The silicon cochlea consists of a serial cascade of the second-order filter sections, as shown in Fig. 3. Each filter section has a signal input \( V_{in} \), a signal output \( V_{out} \), and two bias voltages \( V_i \) and \( V_Q \) which control its time constant \( \tau \) and filter quality factor \( Q \), respectively. Since the time constant of the filter decreases exponentially with the bias voltage \( V_i \), it is possible to configure the cascade to have an exponentially increasing time constant (exponentially decreasing cutoff frequency) with distance into the cascade by applying a decreasing linear "tilt" on the \( V_i \) bias voltage seen by each filter section. The tilted line is easily achieved by using a thin polysilicon wire as a long resistor, applying appropriate voltages at the two ends (\( V_i \) and \( V_{out} \)), and taking the bias voltages for the filter stages at regularly spaced intervals. A similarly tilted bias line is used to apply the \( V_Q \) bias inputs, usually such that all stages have the same \( Q \).

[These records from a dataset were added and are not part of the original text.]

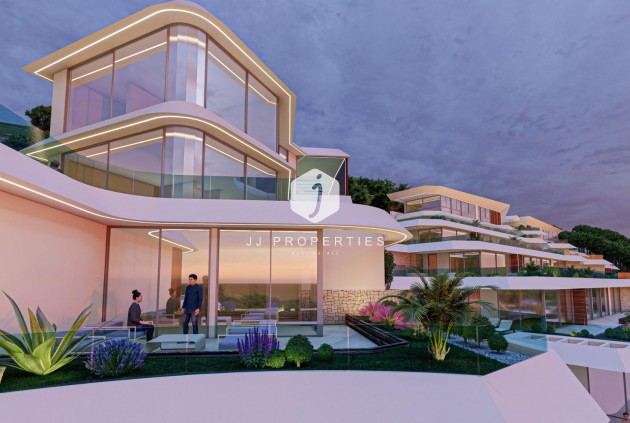 Nieuwbouw Woningen - Penthouse -
Calpe - Mascarat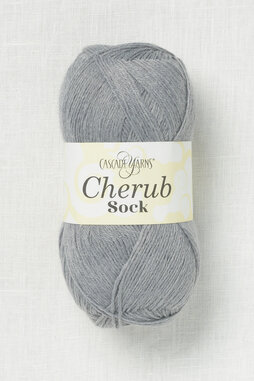 Image of Cascade Cherub Sock 113 Silver Heather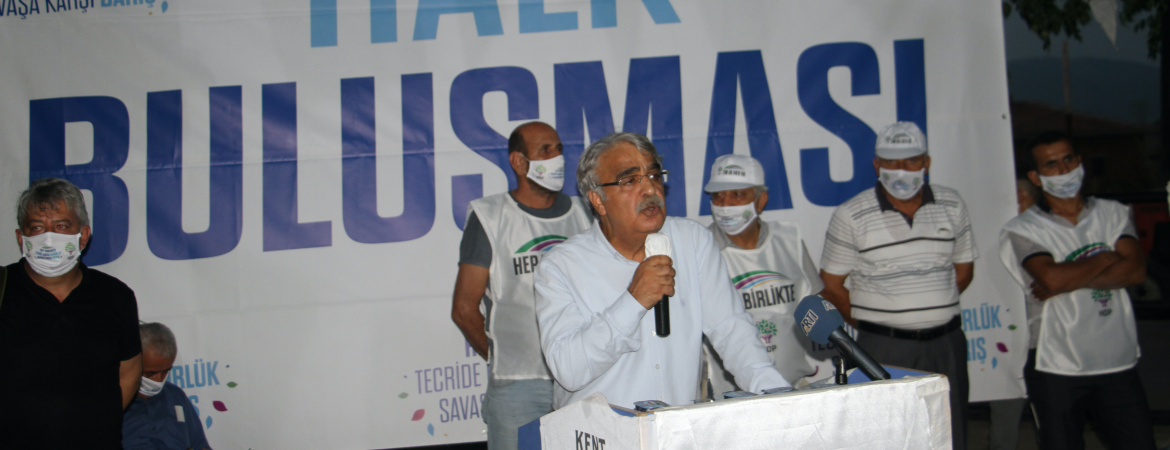 Sancar: Muhalefet çözüm konusunda iktidardan nasıl farklılaştığını ortaya koymalı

Since each stage of the cascade has unity gain at dc, the propagating voltage signal is interpreted as a fluid pressure wave in the cochlea. The composite effect of many stages results in very steep high-frequency cutoff, often 100 dB/octave or more, as measured in real cochleas [9]. In order to qualitatively match the measurements of basilar membrane velocity, a differentiator circuit is often appended to each output tap to tilt the low side of the response by 6 dB/octave, giving an overall asymmetric bandpass character to the outputs [1].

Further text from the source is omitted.